- [Source records]
━━━━

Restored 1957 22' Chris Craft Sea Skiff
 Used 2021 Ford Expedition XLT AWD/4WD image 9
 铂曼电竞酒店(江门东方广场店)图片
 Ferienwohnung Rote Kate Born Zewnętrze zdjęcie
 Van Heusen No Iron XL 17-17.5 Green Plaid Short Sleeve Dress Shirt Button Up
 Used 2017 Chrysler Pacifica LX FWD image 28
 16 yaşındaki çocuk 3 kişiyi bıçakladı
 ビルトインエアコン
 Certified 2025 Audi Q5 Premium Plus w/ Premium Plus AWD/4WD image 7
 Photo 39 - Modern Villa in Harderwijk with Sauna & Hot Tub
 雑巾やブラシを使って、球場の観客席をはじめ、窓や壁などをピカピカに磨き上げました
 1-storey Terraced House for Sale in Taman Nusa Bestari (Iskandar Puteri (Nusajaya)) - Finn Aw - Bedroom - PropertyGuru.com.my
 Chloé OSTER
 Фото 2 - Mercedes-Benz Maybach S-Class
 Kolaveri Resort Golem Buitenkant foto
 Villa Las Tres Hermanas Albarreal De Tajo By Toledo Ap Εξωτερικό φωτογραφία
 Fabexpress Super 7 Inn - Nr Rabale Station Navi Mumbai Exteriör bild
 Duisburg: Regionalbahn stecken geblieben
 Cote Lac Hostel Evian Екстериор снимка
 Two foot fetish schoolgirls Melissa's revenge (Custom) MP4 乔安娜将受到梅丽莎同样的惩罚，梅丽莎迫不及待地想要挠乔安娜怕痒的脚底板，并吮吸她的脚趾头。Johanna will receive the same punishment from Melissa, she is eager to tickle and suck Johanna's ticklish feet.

━━━━

- [Goal of the exercise]
From the records above, reproduce exactly the lines from the one with "Van Heusen No" to the one with "Фото 2 - Mercedes-Benz Maybach S-Class", both included, and no others.

- [Solution for this task]
 Van Heusen No Iron XL 17-17.5 Green Plaid Short Sleeve Dress Shirt Button Up
 Used 2017 Chrysler Pacifica LX FWD image 28
 16 yaşındaki çocuk 3 kişiyi bıçakladı
 ビルトインエアコン
 Certified 2025 Audi Q5 Premium Plus w/ Premium Plus AWD/4WD image 7
 Photo 39 - Modern Villa in Harderwijk with Sauna & Hot Tub
 雑巾やブラシを使って、球場の観客席をはじめ、窓や壁などをピカピカに磨き上げました
 1-storey Terraced House for Sale in Taman Nusa Bestari (Iskandar Puteri (Nusajaya)) - Finn Aw - Bedroom - PropertyGuru.com.my
 Chloé OSTER
 Фото 2 - Mercedes-Benz Maybach S-Class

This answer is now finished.